• **WORK TASK**: Using the material below, return exactly the lines between the one holding "ÇTB’den Kaymakam Koç’a Ziyaret" and the one holding "by Joan Miró", inclusive, and no others.

• **GIVEN RECORDS**:
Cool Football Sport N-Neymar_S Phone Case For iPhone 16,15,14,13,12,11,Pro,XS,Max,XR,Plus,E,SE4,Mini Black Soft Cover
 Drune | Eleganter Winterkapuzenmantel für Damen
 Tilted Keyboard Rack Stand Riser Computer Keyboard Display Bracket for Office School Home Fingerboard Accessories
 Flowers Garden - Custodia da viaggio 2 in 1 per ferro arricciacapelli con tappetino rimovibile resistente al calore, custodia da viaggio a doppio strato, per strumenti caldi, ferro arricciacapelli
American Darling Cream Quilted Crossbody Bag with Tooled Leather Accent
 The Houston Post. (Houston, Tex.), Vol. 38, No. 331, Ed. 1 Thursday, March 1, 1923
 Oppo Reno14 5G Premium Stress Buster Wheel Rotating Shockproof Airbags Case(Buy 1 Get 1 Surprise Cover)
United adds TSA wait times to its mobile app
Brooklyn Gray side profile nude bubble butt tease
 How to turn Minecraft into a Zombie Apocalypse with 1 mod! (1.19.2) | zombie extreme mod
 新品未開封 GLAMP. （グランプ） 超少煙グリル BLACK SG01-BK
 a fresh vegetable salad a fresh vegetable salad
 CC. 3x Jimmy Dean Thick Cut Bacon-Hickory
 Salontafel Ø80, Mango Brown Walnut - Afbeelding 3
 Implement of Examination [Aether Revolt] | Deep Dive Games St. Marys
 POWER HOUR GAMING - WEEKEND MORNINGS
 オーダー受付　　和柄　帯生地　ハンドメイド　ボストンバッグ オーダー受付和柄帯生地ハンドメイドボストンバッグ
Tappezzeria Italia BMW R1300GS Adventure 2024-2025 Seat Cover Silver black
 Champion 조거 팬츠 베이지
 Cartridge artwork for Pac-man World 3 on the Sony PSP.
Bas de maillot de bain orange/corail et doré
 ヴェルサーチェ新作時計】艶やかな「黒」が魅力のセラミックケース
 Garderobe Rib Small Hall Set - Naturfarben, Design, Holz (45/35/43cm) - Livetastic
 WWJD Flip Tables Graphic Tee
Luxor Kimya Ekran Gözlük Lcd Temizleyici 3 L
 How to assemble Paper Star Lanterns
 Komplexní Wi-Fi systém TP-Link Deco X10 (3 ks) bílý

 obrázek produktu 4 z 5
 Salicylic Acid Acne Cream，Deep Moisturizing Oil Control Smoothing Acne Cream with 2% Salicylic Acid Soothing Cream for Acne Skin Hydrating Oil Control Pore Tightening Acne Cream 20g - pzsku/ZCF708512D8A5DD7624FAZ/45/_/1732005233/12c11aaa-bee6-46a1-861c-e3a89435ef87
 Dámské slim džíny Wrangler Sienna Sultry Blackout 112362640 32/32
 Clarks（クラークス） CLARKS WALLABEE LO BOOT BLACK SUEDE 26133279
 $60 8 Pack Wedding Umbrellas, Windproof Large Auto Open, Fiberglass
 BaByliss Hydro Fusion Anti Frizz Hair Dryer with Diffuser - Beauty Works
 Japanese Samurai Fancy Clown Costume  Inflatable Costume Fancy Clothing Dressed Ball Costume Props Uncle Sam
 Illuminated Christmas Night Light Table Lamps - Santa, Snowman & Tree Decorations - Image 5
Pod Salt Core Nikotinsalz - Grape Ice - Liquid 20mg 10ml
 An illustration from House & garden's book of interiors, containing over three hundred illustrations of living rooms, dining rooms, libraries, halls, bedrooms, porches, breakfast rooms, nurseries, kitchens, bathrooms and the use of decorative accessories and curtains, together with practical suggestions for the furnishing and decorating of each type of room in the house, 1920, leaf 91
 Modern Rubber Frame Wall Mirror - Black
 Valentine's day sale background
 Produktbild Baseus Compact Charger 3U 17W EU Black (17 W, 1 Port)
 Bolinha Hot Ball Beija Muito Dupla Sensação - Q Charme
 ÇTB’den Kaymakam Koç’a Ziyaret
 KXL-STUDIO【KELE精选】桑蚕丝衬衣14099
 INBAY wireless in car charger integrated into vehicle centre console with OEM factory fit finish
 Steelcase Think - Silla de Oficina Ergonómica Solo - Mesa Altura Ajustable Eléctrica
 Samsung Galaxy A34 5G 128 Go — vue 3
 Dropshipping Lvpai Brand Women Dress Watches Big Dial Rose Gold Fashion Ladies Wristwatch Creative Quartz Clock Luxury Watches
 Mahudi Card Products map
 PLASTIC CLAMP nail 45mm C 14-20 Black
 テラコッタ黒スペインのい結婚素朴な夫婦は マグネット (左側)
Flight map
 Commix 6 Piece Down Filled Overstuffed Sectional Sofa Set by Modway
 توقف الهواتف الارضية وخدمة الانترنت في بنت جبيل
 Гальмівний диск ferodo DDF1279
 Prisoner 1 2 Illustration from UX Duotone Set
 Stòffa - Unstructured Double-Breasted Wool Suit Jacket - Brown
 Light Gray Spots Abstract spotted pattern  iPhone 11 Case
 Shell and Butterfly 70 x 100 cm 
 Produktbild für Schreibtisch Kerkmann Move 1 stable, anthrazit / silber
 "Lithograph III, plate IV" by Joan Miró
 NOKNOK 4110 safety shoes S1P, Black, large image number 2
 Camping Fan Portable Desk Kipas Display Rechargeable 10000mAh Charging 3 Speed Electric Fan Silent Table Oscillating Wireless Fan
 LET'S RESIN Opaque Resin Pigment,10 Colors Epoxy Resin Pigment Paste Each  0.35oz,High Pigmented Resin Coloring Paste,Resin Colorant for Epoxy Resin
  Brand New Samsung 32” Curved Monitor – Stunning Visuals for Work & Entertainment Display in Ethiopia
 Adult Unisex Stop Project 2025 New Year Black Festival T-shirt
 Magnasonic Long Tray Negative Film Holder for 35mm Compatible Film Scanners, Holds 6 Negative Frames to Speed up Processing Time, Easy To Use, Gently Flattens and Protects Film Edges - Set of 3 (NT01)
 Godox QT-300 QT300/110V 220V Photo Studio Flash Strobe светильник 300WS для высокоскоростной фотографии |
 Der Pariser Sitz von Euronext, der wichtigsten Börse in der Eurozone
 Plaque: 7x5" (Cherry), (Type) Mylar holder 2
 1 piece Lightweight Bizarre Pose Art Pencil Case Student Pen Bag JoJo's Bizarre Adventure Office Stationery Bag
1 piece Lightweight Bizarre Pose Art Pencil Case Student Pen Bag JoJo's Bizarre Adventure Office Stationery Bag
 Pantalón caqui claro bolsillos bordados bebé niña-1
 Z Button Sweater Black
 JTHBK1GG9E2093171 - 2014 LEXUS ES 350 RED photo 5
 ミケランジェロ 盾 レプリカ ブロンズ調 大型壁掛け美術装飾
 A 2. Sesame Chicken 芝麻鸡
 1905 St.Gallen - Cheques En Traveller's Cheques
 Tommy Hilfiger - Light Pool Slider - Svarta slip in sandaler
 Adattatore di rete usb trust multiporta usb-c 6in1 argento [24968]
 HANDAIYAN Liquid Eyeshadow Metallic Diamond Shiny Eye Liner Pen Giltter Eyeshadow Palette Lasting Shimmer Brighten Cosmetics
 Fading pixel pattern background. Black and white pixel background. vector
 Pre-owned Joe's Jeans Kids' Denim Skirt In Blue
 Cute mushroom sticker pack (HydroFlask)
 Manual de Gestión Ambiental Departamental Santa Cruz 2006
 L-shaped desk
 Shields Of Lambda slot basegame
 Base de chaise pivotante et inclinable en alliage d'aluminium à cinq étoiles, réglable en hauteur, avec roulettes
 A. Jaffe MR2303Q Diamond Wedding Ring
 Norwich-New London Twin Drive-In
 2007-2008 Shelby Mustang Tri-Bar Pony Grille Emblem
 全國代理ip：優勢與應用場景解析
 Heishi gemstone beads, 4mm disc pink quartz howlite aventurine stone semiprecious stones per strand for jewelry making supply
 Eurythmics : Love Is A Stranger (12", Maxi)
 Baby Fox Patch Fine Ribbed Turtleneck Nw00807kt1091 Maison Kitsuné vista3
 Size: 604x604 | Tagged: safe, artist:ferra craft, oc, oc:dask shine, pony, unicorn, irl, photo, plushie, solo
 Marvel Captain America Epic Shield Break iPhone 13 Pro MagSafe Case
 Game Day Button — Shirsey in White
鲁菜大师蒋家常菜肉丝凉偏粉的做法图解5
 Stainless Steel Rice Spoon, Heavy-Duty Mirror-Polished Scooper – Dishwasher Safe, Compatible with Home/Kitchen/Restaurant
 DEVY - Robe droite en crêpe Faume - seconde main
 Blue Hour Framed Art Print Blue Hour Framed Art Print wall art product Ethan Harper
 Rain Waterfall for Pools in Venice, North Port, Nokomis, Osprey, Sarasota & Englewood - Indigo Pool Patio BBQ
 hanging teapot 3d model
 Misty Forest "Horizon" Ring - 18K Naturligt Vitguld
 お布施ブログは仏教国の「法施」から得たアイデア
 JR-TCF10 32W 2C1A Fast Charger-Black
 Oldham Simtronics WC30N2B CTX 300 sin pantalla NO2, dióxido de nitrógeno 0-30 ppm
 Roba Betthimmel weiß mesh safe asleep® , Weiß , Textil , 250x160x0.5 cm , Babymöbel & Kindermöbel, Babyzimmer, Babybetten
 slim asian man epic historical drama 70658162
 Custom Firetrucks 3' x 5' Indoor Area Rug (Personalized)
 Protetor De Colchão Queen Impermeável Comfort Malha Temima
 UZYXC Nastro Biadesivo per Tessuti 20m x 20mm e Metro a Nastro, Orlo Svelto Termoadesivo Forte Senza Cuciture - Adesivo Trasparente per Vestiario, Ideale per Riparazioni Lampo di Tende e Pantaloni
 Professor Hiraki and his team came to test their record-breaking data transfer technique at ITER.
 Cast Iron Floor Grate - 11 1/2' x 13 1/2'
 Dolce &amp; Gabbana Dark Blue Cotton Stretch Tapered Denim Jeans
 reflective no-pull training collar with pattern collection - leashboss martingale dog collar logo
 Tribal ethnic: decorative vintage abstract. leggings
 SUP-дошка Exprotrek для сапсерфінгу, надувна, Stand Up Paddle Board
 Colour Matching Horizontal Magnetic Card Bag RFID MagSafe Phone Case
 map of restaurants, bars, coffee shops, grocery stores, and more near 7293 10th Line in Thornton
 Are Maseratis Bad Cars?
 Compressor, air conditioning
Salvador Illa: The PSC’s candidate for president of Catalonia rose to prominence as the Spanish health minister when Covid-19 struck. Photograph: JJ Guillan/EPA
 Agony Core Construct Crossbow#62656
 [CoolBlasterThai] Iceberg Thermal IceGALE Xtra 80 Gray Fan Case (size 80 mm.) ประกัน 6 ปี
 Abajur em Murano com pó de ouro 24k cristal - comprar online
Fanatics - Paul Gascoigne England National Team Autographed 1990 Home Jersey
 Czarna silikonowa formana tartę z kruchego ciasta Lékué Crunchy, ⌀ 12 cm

• **SOLUTION FOR THIS TASK**:
 ÇTB’den Kaymakam Koç’a Ziyaret
 KXL-STUDIO【KELE精选】桑蚕丝衬衣14099
 INBAY wireless in car charger integrated into vehicle centre console with OEM factory fit finish
 Steelcase Think - Silla de Oficina Ergonómica Solo - Mesa Altura Ajustable Eléctrica
 Samsung Galaxy A34 5G 128 Go — vue 3
 Dropshipping Lvpai Brand Women Dress Watches Big Dial Rose Gold Fashion Ladies Wristwatch Creative Quartz Clock Luxury Watches
 Mahudi Card Products map
 PLASTIC CLAMP nail 45mm C 14-20 Black
 テラコッタ黒スペインのい結婚素朴な夫婦は マグネット (左側)
Flight map
 Commix 6 Piece Down Filled Overstuffed Sectional Sofa Set by Modway
 توقف الهواتف الارضية وخدمة الانترنت في بنت جبيل
 Гальмівний диск ferodo DDF1279
 Prisoner 1 2 Illustration from UX Duotone Set
 Stòffa - Unstructured Double-Breasted Wool Suit Jacket - Brown
 Light Gray Spots Abstract spotted pattern  iPhone 11 Case
 Shell and Butterfly 70 x 100 cm 
 Produktbild für Schreibtisch Kerkmann Move 1 stable, anthrazit / silber
 "Lithograph III, plate IV" by Joan Miró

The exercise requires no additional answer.